Un mercedino, en el barrio Marchetti, se convirtió en testimonio de lo que viene con el agua y lo que deja al irse. A machetazos mató una víbora, tal como narró a los medios nacionales que en los últimos días visitaron la ciudad para reflejar la cruda crisis que vivimos.
El vecino Oscar Villalba, comentó al Diario La Nación la sorpresa que se llevó cuando vio al animal en su domicilio. «Estaba al lado de los ladrillos de la casa. Tenía toda la pinta de ser venenosa y la maté con un machete» narró Villalba.
El pasado jueves narraba al mencionado medio capitalino el vecino: «Estoy haciendo guardia en la casa de mi cuñada para que nadie se robe nada. El agua acá nos llegó a todos al metro cuarenta», dice. «Me lo trato de tomar con calma, lo material va y viene. Lo peor no es eso, sino que te queda un trauma en la cabeza que no te lo sacás más»
“Oscar está casado hace 30 años y vive en la calle 26 y 63. Su vida puede contarse también a través de las inundaciones. Contrajo matrimonio en marzo de 1985, en octubre tuvieron su primera hija y en noviembre, su primera inundación. Llovió mucho y el agua entró hasta su casa más de un metro y medio. Su testimonio es tan sólo uno más de los miles de bonaerenses que sufren su situación repetidamente desde hace más de una década. Es una historia que parece no tener fin” expuso el Diario La Nación y aún puede leerse online.
«No quiero vivir más acá así. Cuando pueda me voy del barrio. Vivir así no es vida», afirmó decididamente.

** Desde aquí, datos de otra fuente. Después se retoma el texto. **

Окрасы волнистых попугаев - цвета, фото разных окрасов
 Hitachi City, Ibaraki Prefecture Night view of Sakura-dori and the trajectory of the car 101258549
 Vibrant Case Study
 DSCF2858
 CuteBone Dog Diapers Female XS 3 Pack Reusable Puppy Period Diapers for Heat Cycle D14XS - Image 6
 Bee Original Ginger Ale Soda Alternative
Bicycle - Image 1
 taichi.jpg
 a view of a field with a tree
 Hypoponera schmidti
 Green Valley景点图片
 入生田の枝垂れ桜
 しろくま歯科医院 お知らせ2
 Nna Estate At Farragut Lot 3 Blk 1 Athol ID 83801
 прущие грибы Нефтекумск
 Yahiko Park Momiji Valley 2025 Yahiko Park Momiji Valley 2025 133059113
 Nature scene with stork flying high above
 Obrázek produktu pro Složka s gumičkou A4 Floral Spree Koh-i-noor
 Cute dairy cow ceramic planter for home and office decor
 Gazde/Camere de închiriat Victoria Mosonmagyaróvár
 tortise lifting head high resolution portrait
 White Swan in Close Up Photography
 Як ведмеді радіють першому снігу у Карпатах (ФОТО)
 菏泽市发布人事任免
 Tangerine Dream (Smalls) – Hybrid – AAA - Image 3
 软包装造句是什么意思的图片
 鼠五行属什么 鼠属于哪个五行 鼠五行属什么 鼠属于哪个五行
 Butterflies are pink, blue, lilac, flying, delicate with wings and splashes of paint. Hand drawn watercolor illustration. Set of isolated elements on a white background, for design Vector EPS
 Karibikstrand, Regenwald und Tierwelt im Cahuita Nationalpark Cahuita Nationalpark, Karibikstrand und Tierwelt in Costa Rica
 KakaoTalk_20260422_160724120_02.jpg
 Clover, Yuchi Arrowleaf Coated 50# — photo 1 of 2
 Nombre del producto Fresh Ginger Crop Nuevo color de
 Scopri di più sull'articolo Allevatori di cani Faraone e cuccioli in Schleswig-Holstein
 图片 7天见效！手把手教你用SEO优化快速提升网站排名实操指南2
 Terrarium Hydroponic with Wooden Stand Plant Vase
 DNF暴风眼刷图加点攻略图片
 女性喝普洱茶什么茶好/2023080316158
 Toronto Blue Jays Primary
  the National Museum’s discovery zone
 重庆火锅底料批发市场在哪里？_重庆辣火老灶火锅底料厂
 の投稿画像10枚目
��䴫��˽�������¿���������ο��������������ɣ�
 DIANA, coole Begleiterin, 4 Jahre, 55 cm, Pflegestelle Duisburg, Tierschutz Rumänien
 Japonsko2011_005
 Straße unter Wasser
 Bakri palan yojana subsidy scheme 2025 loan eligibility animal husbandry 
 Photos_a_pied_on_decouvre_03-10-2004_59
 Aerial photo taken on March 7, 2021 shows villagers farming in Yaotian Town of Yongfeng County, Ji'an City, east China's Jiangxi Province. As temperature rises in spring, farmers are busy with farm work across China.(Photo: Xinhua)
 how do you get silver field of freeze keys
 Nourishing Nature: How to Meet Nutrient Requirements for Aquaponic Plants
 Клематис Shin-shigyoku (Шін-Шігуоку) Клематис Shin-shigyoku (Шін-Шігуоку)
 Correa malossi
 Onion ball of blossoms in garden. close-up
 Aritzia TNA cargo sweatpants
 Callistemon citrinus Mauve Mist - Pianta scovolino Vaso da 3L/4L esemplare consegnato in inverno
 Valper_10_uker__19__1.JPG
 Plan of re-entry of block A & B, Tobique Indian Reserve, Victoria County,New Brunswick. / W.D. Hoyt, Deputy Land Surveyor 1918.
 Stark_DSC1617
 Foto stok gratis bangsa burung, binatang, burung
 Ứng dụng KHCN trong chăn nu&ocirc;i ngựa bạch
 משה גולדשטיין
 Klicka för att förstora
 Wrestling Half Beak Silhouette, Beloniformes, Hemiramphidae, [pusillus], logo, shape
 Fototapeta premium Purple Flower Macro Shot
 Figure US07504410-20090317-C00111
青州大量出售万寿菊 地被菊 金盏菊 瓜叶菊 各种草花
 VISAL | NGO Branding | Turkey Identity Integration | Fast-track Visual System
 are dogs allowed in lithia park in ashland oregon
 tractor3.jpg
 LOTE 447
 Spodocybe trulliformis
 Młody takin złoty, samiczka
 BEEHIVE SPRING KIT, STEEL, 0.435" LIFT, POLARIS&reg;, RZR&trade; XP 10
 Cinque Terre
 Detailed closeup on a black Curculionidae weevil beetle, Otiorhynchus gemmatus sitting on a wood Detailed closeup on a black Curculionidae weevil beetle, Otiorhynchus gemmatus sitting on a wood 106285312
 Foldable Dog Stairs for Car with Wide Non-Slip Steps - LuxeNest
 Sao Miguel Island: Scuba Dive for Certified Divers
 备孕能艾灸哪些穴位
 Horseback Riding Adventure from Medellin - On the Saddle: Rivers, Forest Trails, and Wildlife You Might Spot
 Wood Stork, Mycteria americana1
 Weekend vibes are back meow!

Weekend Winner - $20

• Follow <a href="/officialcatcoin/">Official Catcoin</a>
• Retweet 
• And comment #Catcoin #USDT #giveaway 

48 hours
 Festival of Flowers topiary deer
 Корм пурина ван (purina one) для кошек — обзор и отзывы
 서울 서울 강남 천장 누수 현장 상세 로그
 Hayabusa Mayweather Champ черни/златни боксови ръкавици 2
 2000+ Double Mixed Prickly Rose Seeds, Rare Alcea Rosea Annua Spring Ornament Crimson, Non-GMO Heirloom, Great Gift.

Oscar todavía estaba recuperándose de la última inundación y como testimonio queda el placar, nuevo, que todavía estaba pagando, reposición del último ascenso del agua que ahora quedó destruido.
La entrevista en la nación cierra contando algunos aspectos de su vida, la vida de un mercedino que padeció y sigue padeciendo la fiereza del agua
¿Llegás a un punto en el que te acostumbrás a esto?, pregunta LA NACION. «Nunca. No le deseo esto ni a mi peor enemigo», responde tajante.
A pesar de todo lo malo, cuando ve a su mujer, Claudia Alejandra Amarillo, junto a su hijo de once años cargado en su espalda para que no se moje, sus ojos se iluminan. «Son hermosos y mi nene es un santo. Y no lo digo porque sea mi hijo, ¿eh?», dice. Ellos son su sostén y, aunque el agua sea un rival desigual, no tiene intención de rendirse.